The optimizations are not automatically applied. The user is responsible for writing the model with the optimizations supported. However, if the models supports the optimization and the same is captured in the MetaData, then the downstream features will work out-of-the-box.
For utilizing the checkpointing functionality of Modulus, the Model instantiation arguments must be json serializable.
You can also use a Modulus model as a standard PyTorch model as they are interoperable.

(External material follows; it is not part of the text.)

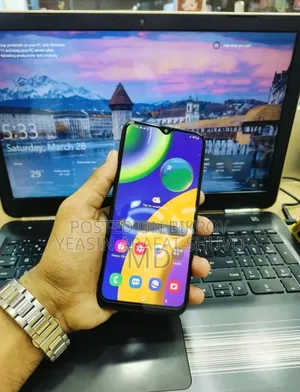 স্যামসাং গ্যালাক্সি এম২১ ৬৪ জিবি ব্লু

Let’s say you don’t want to make changes to the code, but you have a PyTorch model
already. You can convert it to a Modulus model by using the modulus.Module.from_torch
method. This is described in detail in Converting PyTorch Models to Modulus Models.
from dataclasses import dataclass
import torch.nn as nn
from modulus.models.meta import ModelMetaData
from modulus.models.module import Module
@dataclass
class MdlsUNetMetaData(ModelMetaData):
name: str = "MdlsUNet"
# Optimization
jit: bool = False
cuda_graphs: bool = True
amp_cpu: bool = True
amp_gpu: bool = True
MdlsUNet = Module.from_torch(UNet, meta=MdlsUNetMetaData)
And just like that you can use your existing PyTorch model as a Modulus Model.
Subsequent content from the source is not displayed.